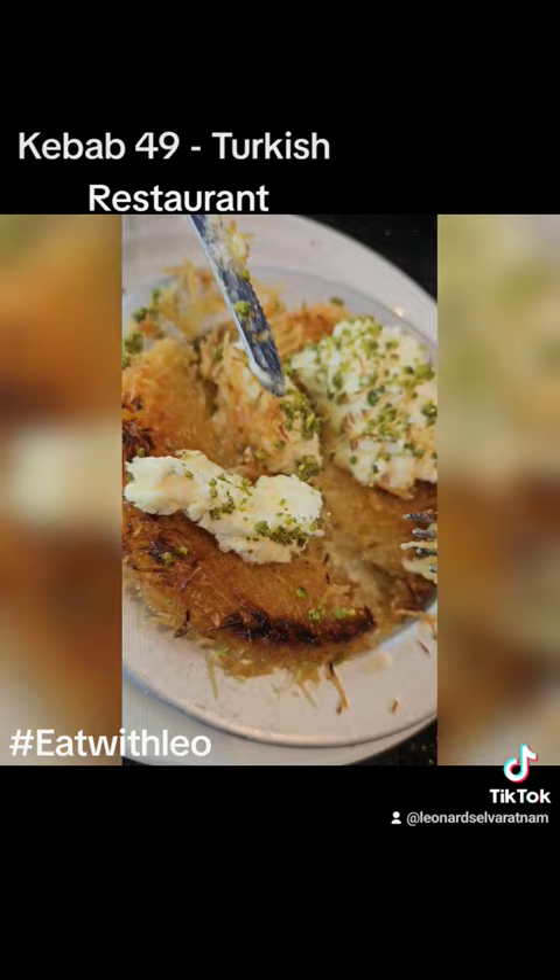Of course, you can't go without trying a Turkish coffee. We tried the Turkish coffee — it's just so good. It tastes really good: thick, nice, and rich.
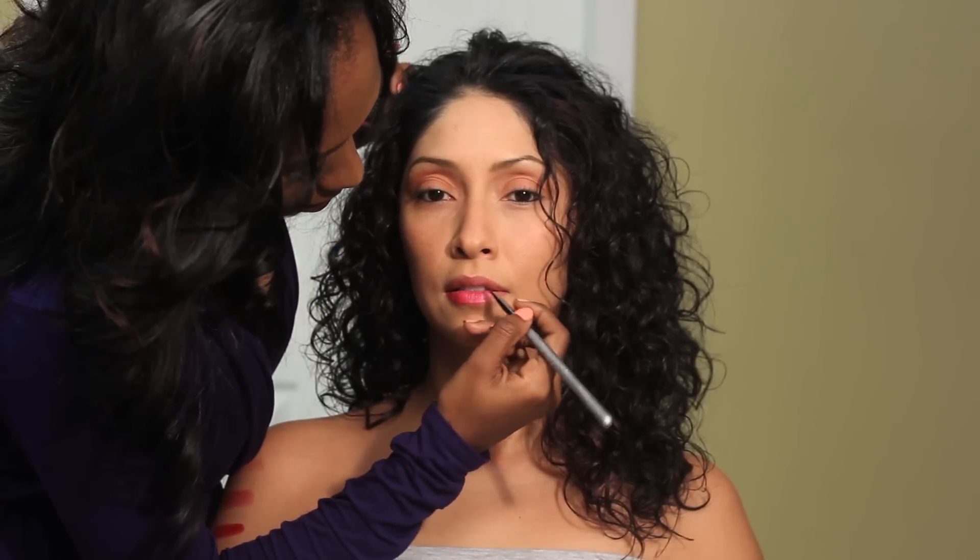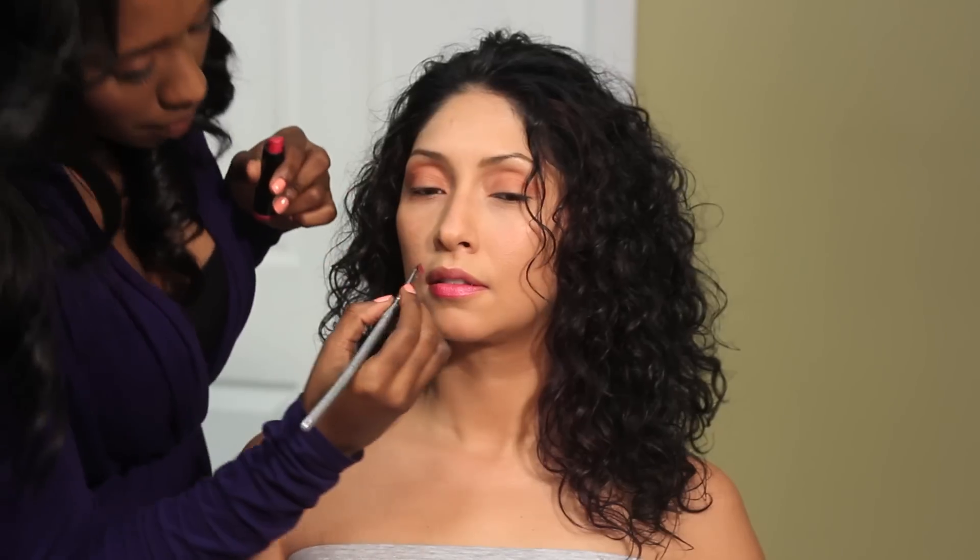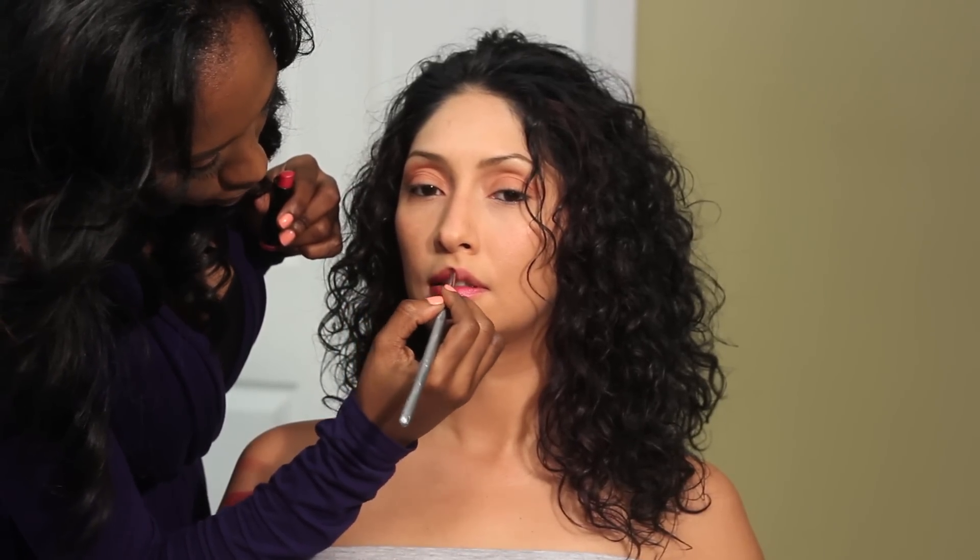You can already see it's instantly popping against her skin. I feel like the bolder the color, the less you have to apply, because you're going to see it anyway.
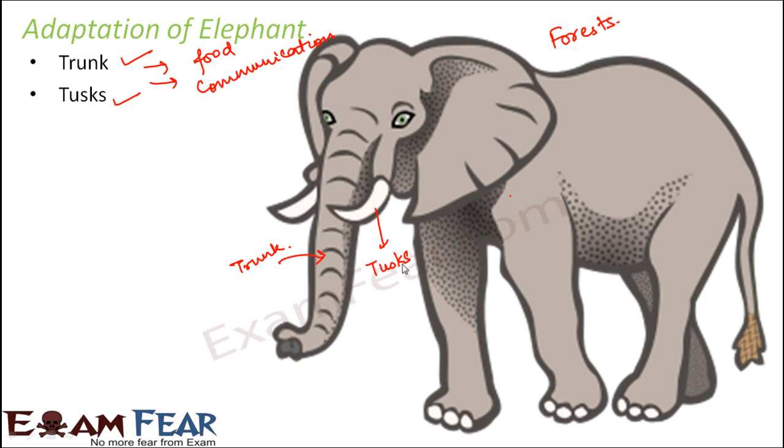Elephants also have tusks, which help them tear leaves and plant parts while eating — they act as a kind of substitute for teeth. Unfortunately, tusks are extremely precious, and people often illegally remove them to manufacture ornaments and designer materials.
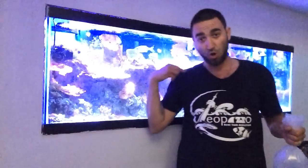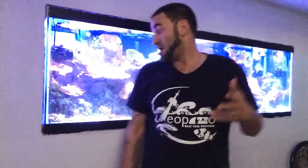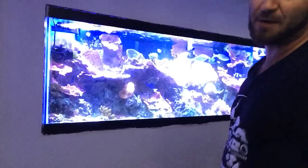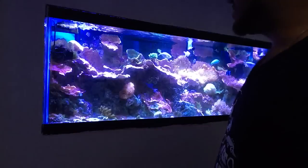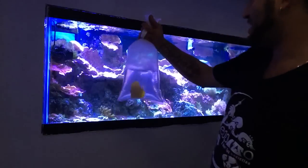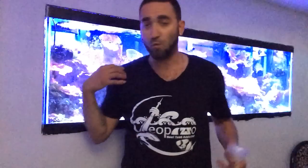These two fish are going into the 35-gallon rather than the 125-gallon. The 125 is already pretty stocked and loaded, and there's not really much room for bigger fish like the powder blue tang to swim around. Even the yellow tang might fit in there okay, but being a new fish in such a large environment with so much live rock means there's not much room for them to hide.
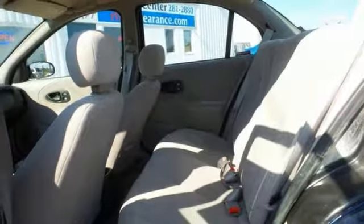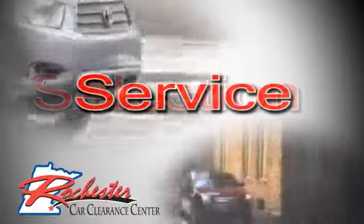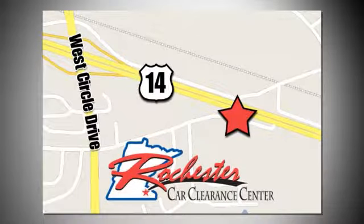You could keep looking, but why? You found the perfect vehicle right here. Come in for a test drive today. At Rochester Car Clearance Center, you get our best price, bottom line. We are conveniently located on Highway 14 West near West Circle Drive.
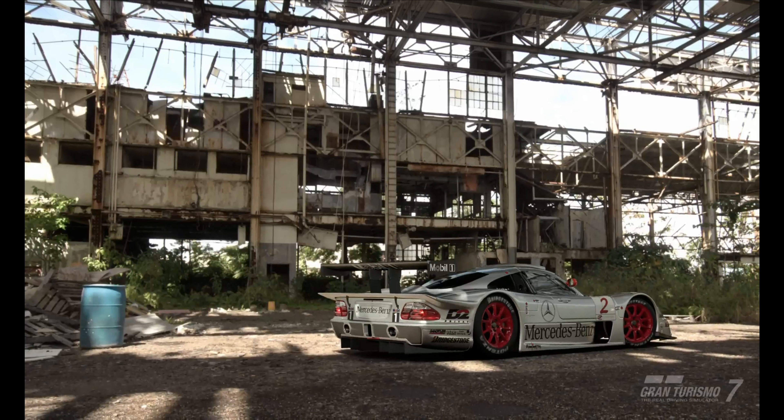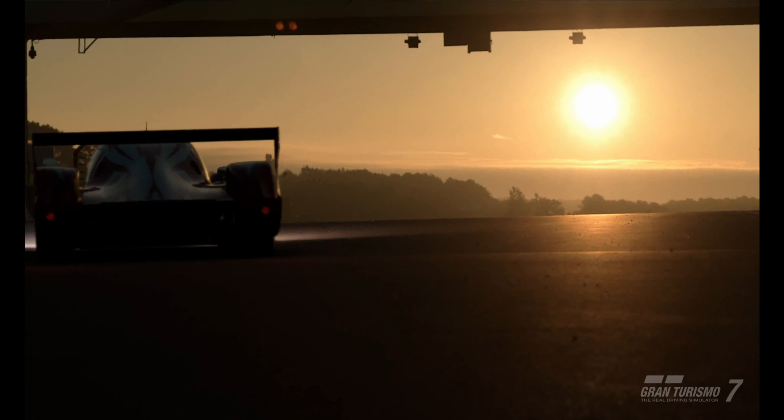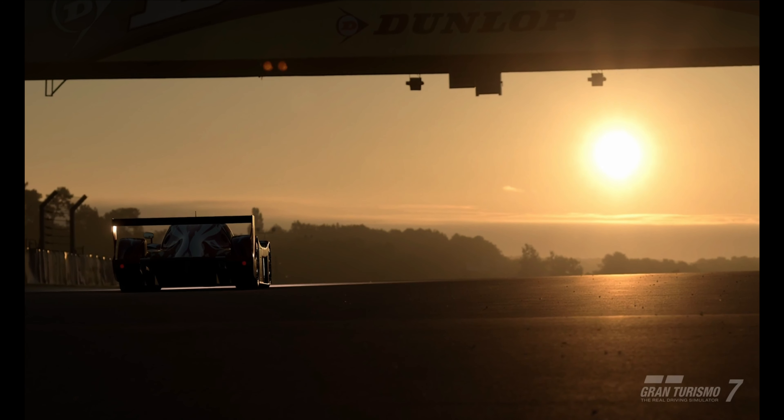First starting off is going to be the CLK GTR at Le Mans. After that it's going to be the Toyota GT1 at Le Mans as well, and then I'll explain the GT1's build and the run for it.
++++++++++++++++++++
TASK BRIEF: What is needed is the whole listing again, set down exactly, without its pictures.

YOUR RESPONSE:
Of course, you can't go without trying a Turkish coffee. We tried the Turkish coffee — it's just so good. It tastes really good: thick, nice, and rich.
You can already see it's instantly popping against her skin. I feel like the bolder the color, the less you have to apply, because you're going to see it anyway.
Elephants also have tusks, which help them tear leaves and plant parts while eating — they act as a kind of substitute for teeth. Unfortunately, tusks are extremely precious, and people often illegally remove them to manufacture ornaments and designer materials.
These two fish are going into the 35-gallon rather than the 125-gallon. The 125 is already pretty stocked and loaded, and there's not really much room for bigger fish like the powder blue tang to swim around. Even the yellow tang might fit in there okay, but being a new fish in such a large environment with so much live rock means there's not much room for them to hide.
You could keep looking, but why? You found the perfect vehicle right here. Come in for a test drive today. At Rochester Car Clearance Center, you get our best price, bottom line. We are conveniently located on Highway 14 West near West Circle Drive.
First starting off is going to be the CLK GTR at Le Mans. After that it's going to be the Toyota GT1 at Le Mans as well, and then I'll explain the GT1's build and the run for it.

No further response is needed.